### Task instructions
Beginning with the line that holds "Travis for Ayers Dress Barn skirt set/suit", copy every remaining line of the listing below exactly, and leave the pictures out.

### Data for processing

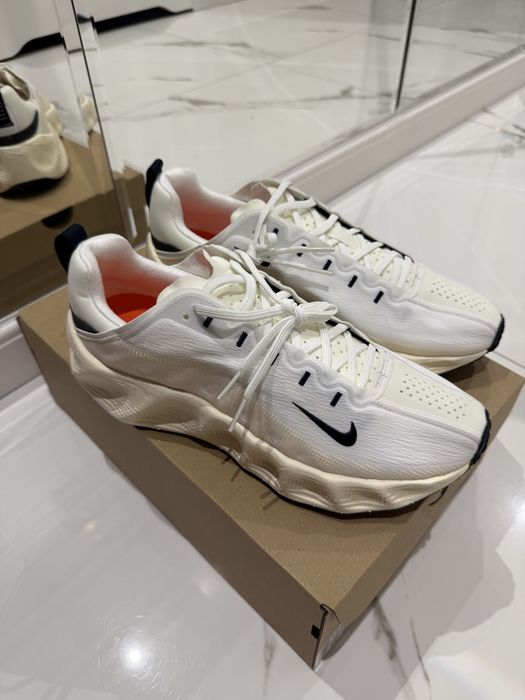 Buty Nike Ava Rover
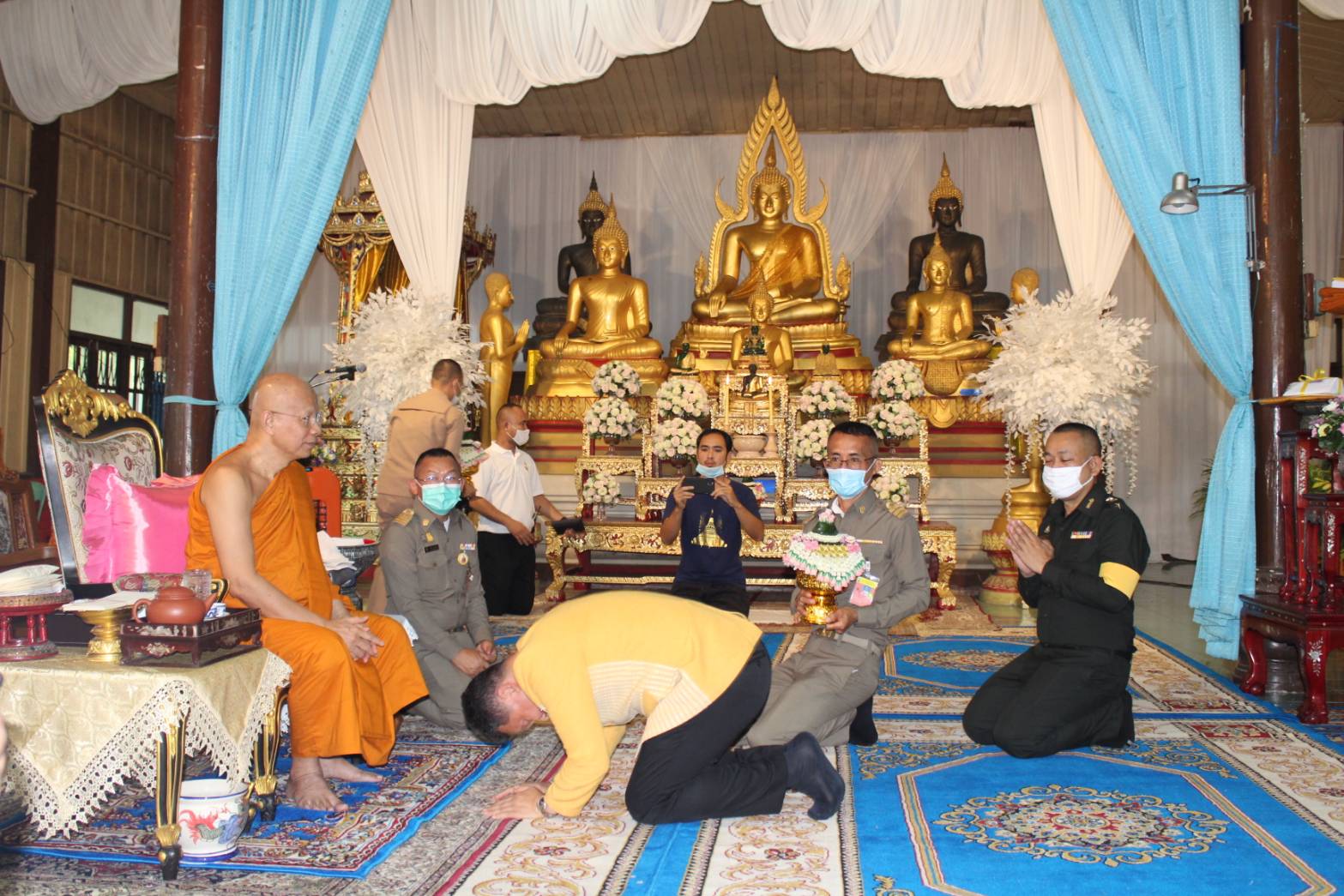 สพจ.ราชบุรี ร่วมถวายผ้าพระกฐิน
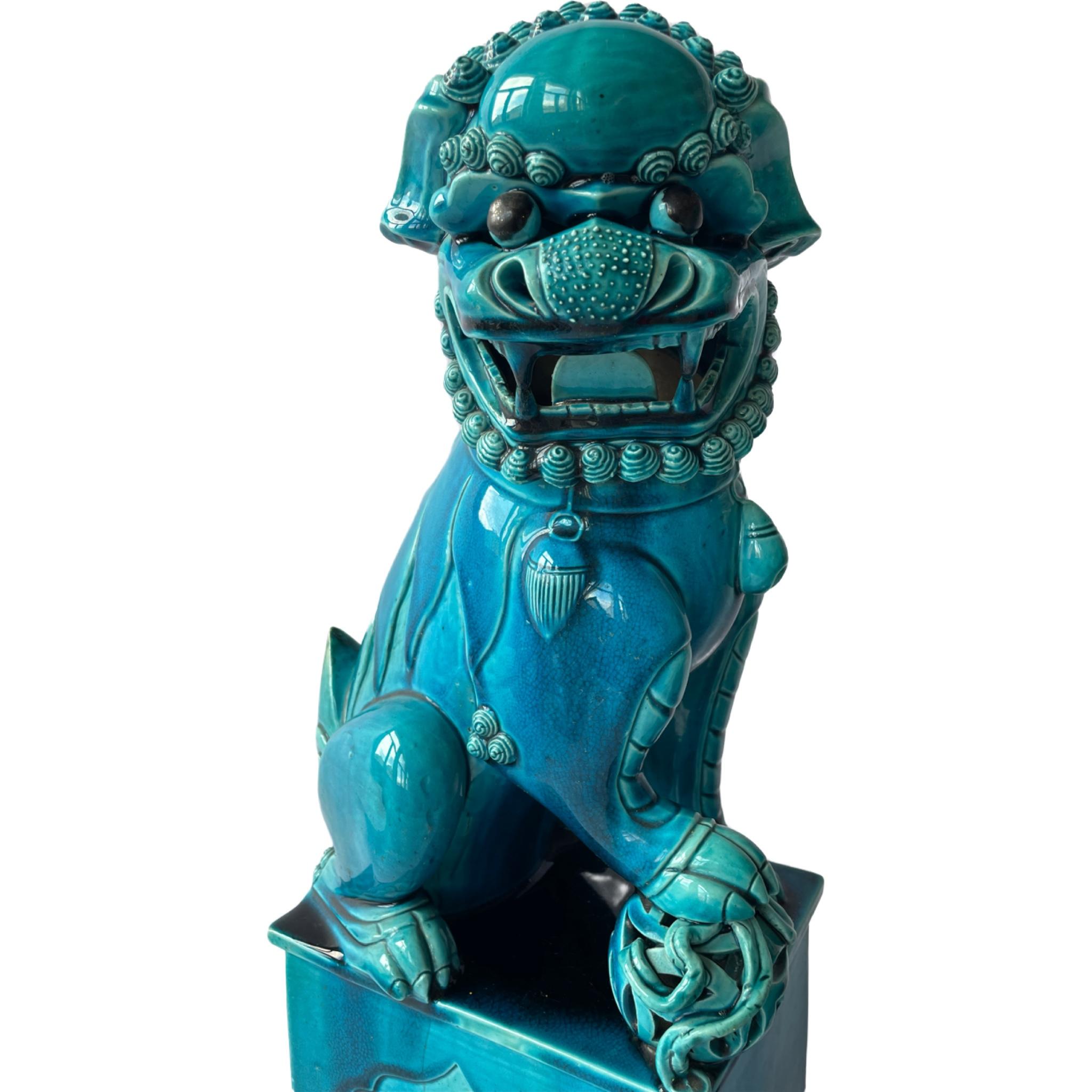 Large Pair of Graduated Turquoise Porcelain Foo Dogs. Chinese Circa 1880 In Good Condition For Sale In Ixelles, BE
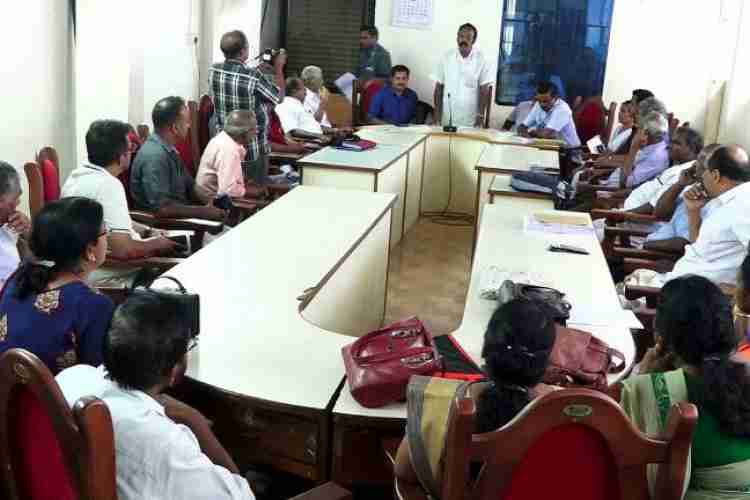 അടിമാലി ഗ്രാമപഞ്ചായത്തില്‍ ചേര്‍ന്ന അവലോകന യോഗത്തില്‍ ഗ്രാമപഞ്ചായത്ത് വൈസ്പ്രസിഡന്റ് എം പി വര്‍ഗീസ് സംസാരിക്കുന്നു.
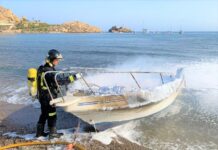 ESPAÑA – UN INCENDIO EN EL MUELLE CALCINA CINCO BARCOS EN EL PUERTO DE AGUILA EN MURCIA (VIDEO)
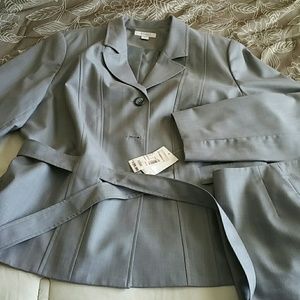 Travis for Ayers Dress Barn skirt set/suit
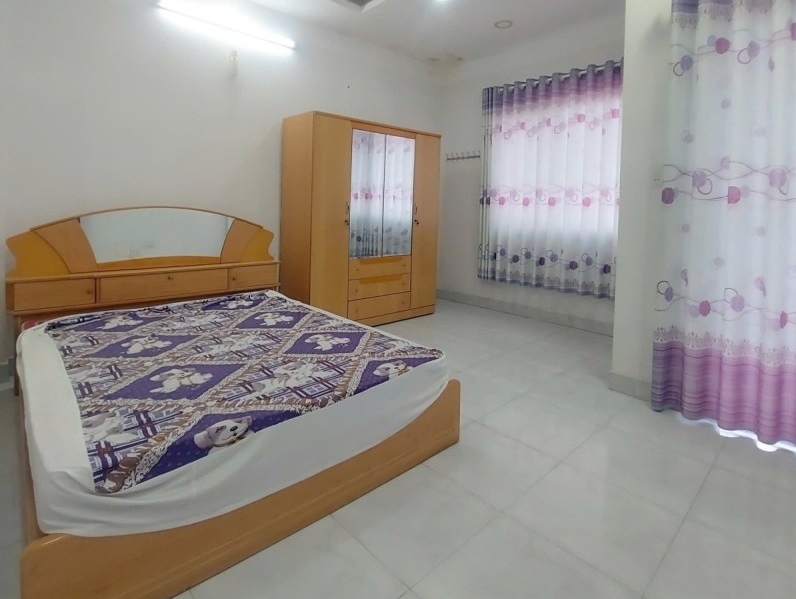 Mua bán nhà đất đường Gò Cát, Phú Hữu, Quận 9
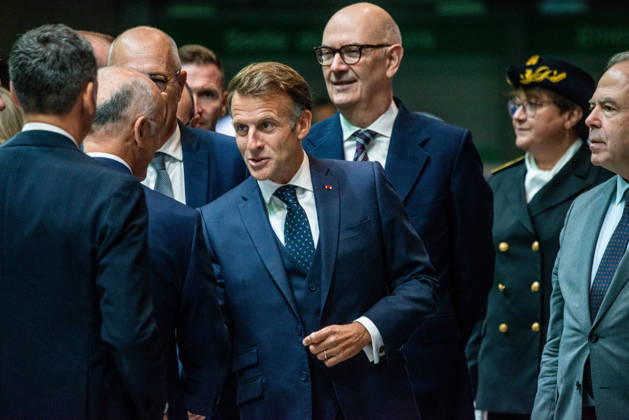 President Macron at Paris Motor Show - Paris French President Emmanuel Macron walks through the aisles of the Paris Motor Show 2026 in Paris, France on October 12, 2026. Photo by Denis Prezat ABACAPRESS.COM Paris France  Copyright: xPrezatxDenis ABACAx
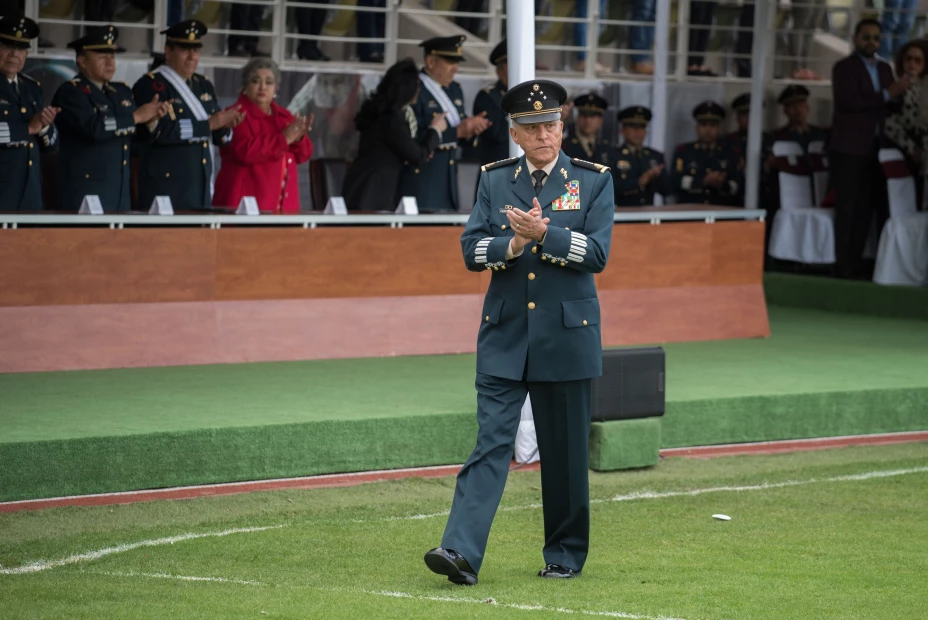 CIUDAD DE MÉXICO, 29NOVIEMBRE2018.- Salvador Cienfuegos Zepeda, secretario de la Defensa Nacional, encabezó la última ceremonia para otorgar en su totalidad 103 Condecoraciones a la “Distinción Militar”, “Mérito Técnico” y “Mención Honorífica”, llevada a cabo en las instalaciones del Estadio de Futbol “SEDENA” del Campo Militar 1-A. Salvador Cienfuegos, aprovechó para despedirse del personal militar, ante la finalización de su gestión como Secretario de la Defensa, mando que entregará al primer minuto del próximo sábado 1 de diciembre.
FOTO: MARIO JASSO /CUARTOSCURO.COM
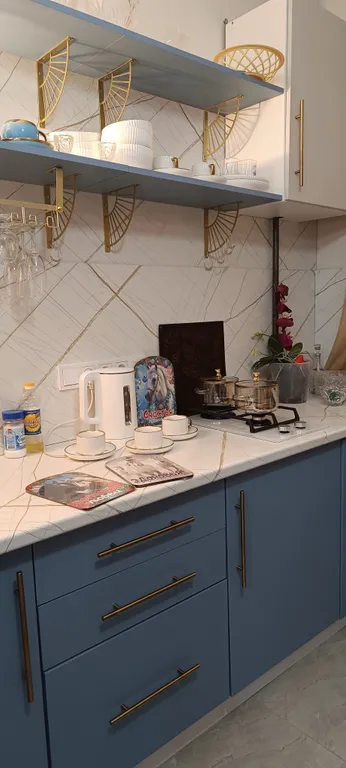 Двушечка у канатки и в старинном доме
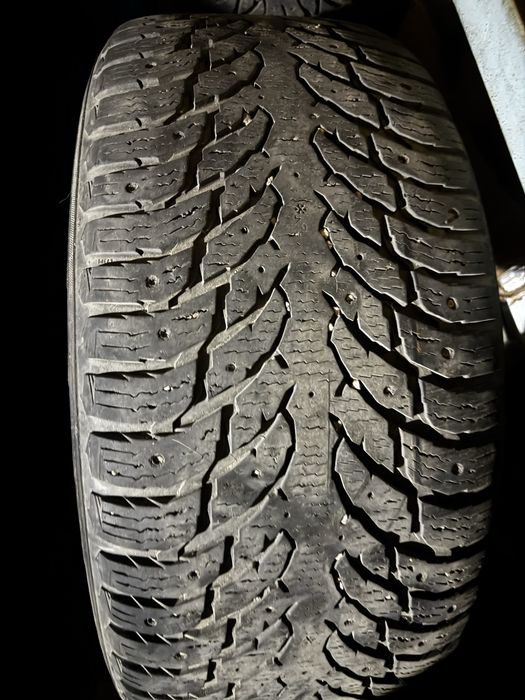 Продам шины зимние 285/50R20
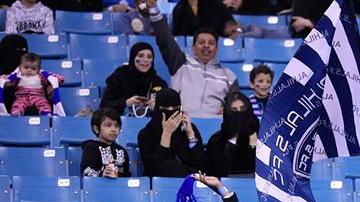 La fiesta de las mujeres saudís en el estadio. EFE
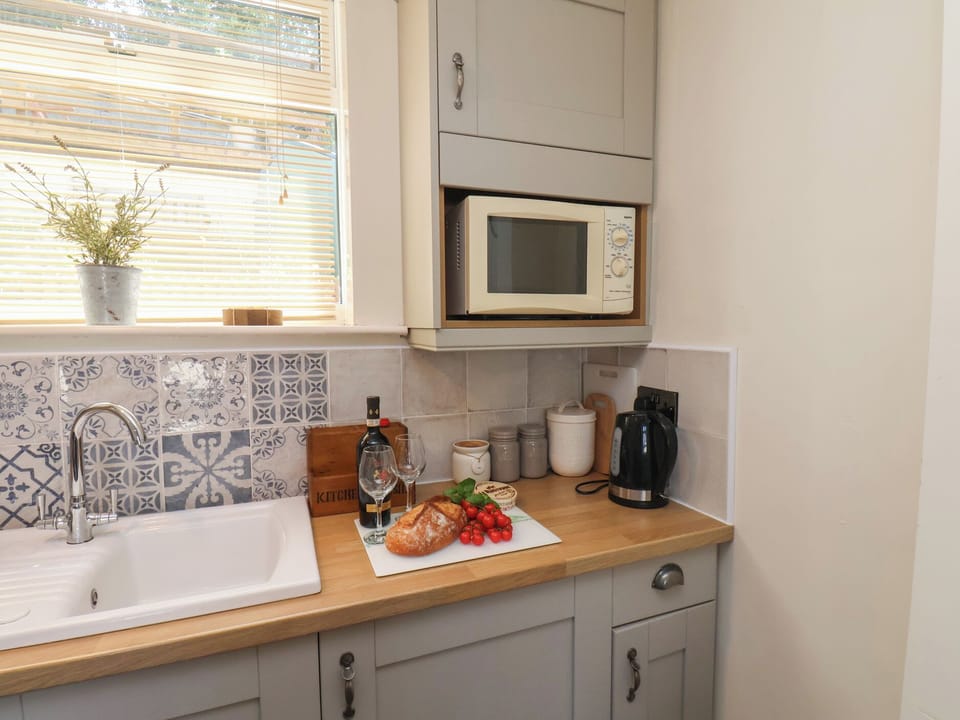 Dishwasher, cookware/dishes/utensils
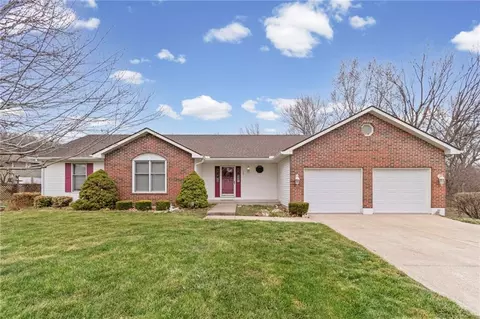 308 W Dauxville Dr, Richmond, MO 64085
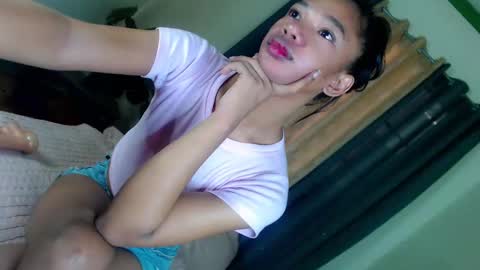 Snapshot of selfsuckercum69 chatting on February 2025 01:15:02 AM Jessy online show from February 2025 01:15:02 AM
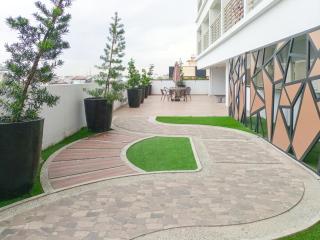 Modern Designed Studio at De Prima Apartment By Travelio - Medan - 6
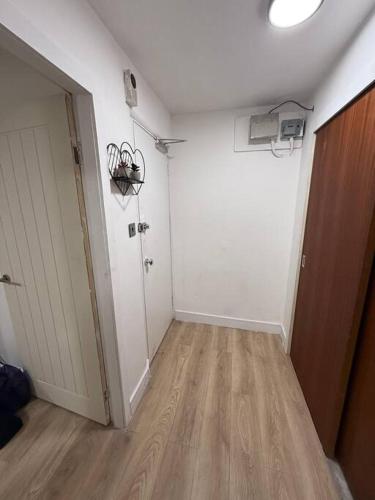 Modern 1 BR - 5 min walk from Princess Street EB1, Edynburg (zdjęcie 8)
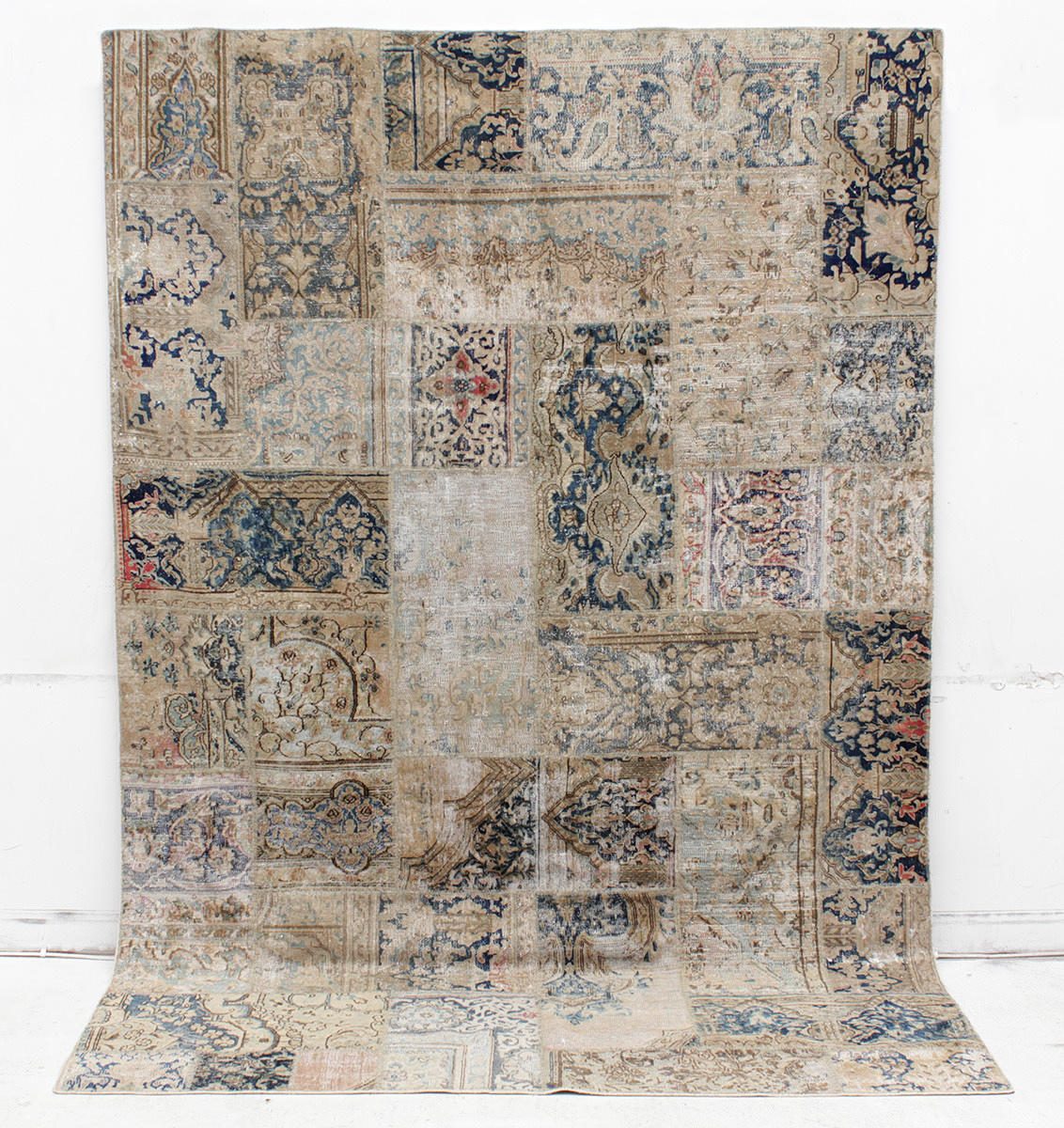 MATTA, Patchwork, 300 x 200 cm.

### Solution to the exercise
 Travis for Ayers Dress Barn skirt set/suit
 Mua bán nhà đất đường Gò Cát, Phú Hữu, Quận 9
 President Macron at Paris Motor Show - Paris French President Emmanuel Macron walks through the aisles of the Paris Motor Show 2026 in Paris, France on October 12, 2026. Photo by Denis Prezat ABACAPRESS.COM Paris France  Copyright: xPrezatxDenis ABACAx
 CIUDAD DE MÉXICO, 29NOVIEMBRE2018.- Salvador Cienfuegos Zepeda, secretario de la Defensa Nacional, encabezó la última ceremonia para otorgar en su totalidad 103 Condecoraciones a la “Distinción Militar”, “Mérito Técnico” y “Mención Honorífica”, llevada a cabo en las instalaciones del Estadio de Futbol “SEDENA” del Campo Militar 1-A. Salvador Cienfuegos, aprovechó para despedirse del personal militar, ante la finalización de su gestión como Secretario de la Defensa, mando que entregará al primer minuto del próximo sábado 1 de diciembre.
FOTO: MARIO JASSO /CUARTOSCURO.COM
 Двушечка у канатки и в старинном доме
 Продам шины зимние 285/50R20
 La fiesta de las mujeres saudís en el estadio. EFE
 Dishwasher, cookware/dishes/utensils
 308 W Dauxville Dr, Richmond, MO 64085
 Snapshot of selfsuckercum69 chatting on February 2025 01:15:02 AM Jessy online show from February 2025 01:15:02 AM
 Modern Designed Studio at De Prima Apartment By Travelio - Medan - 6
 Modern 1 BR - 5 min walk from Princess Street EB1, Edynburg (zdjęcie 8)
 MATTA, Patchwork, 300 x 200 cm.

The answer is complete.